WORK REQUIRED » Take the line with "Sterling Silver Star" as the first and the last line of the data as the end. Write out both and every line between exactly, except pictures.

PROVIDED DATA »
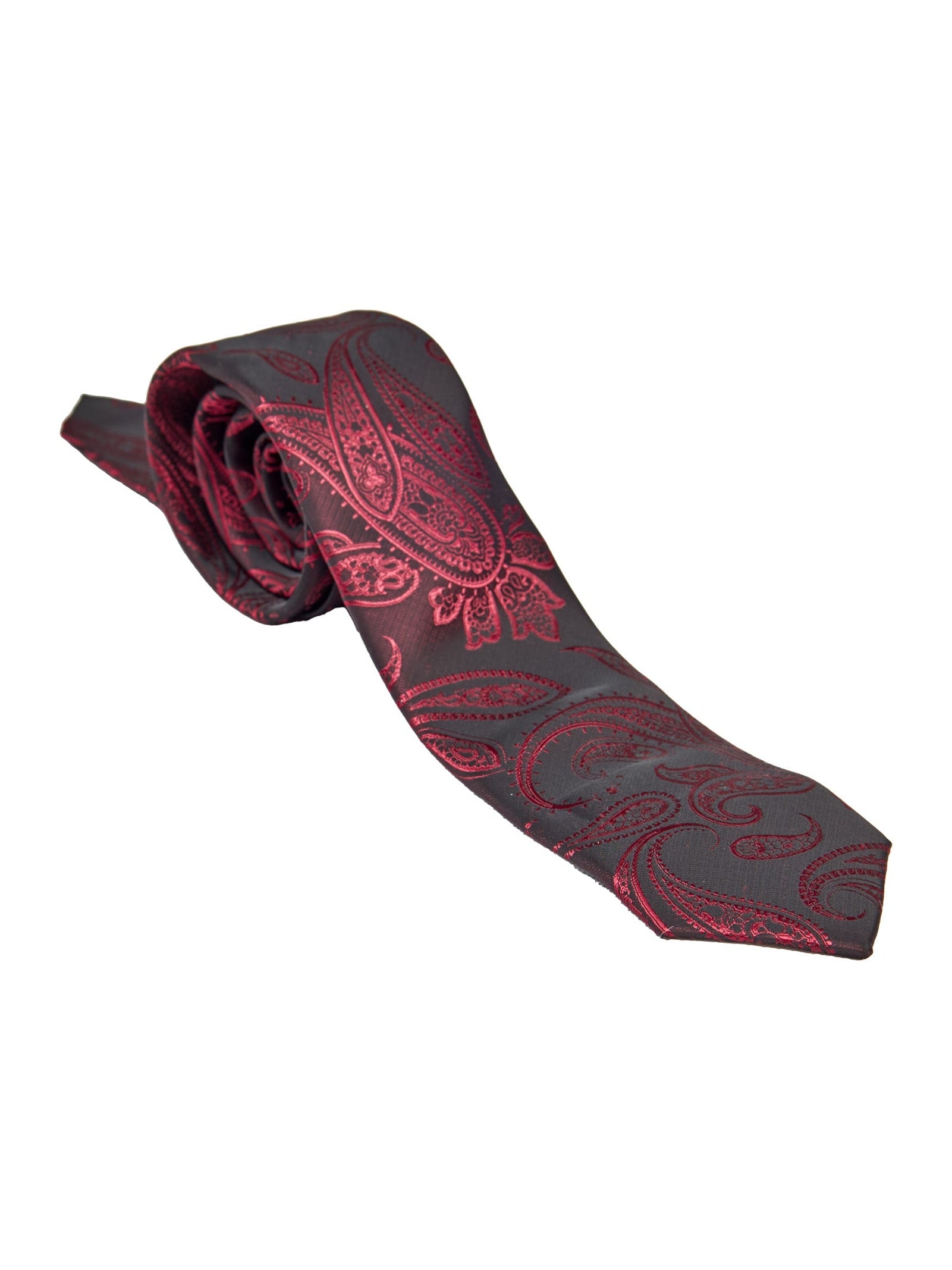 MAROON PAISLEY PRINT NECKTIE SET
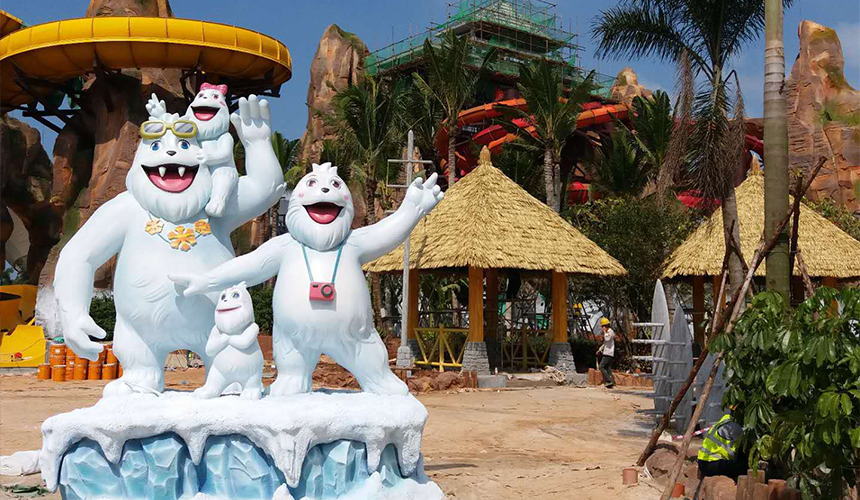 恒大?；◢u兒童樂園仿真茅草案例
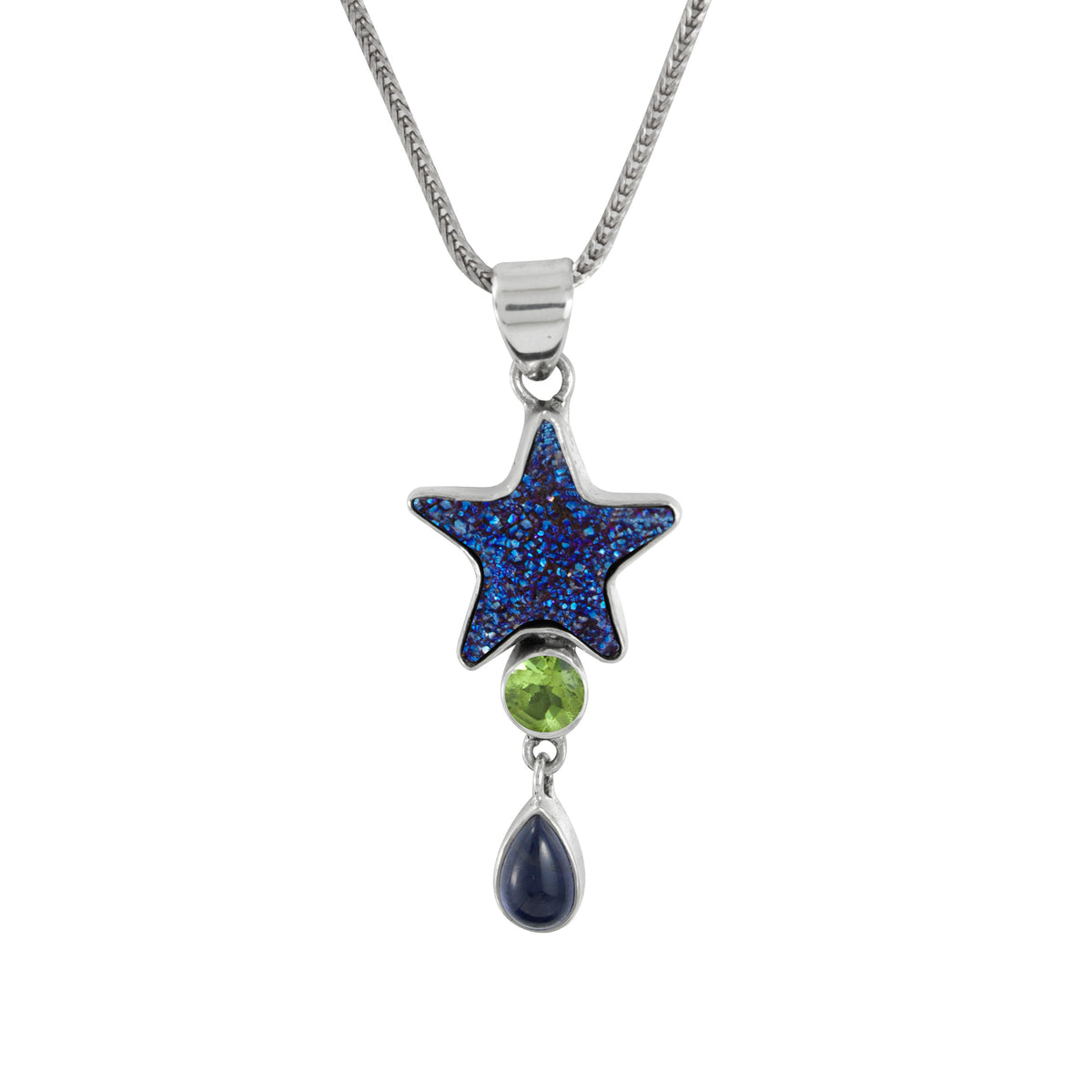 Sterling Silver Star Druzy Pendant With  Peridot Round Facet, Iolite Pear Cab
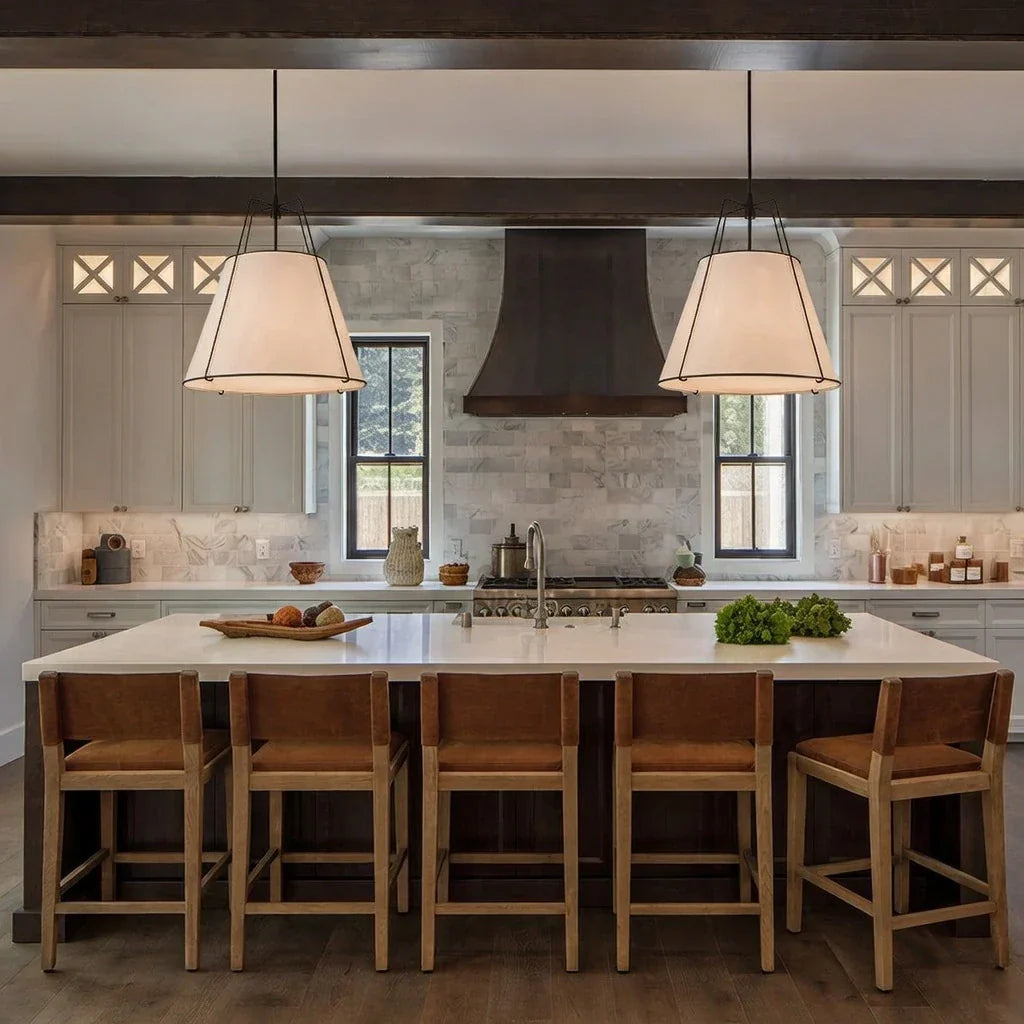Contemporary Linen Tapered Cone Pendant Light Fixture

TASK OUTPUT »
 Sterling Silver Star Druzy Pendant With  Peridot Round Facet, Iolite Pear Cab
Contemporary Linen Tapered Cone Pendant Light Fixture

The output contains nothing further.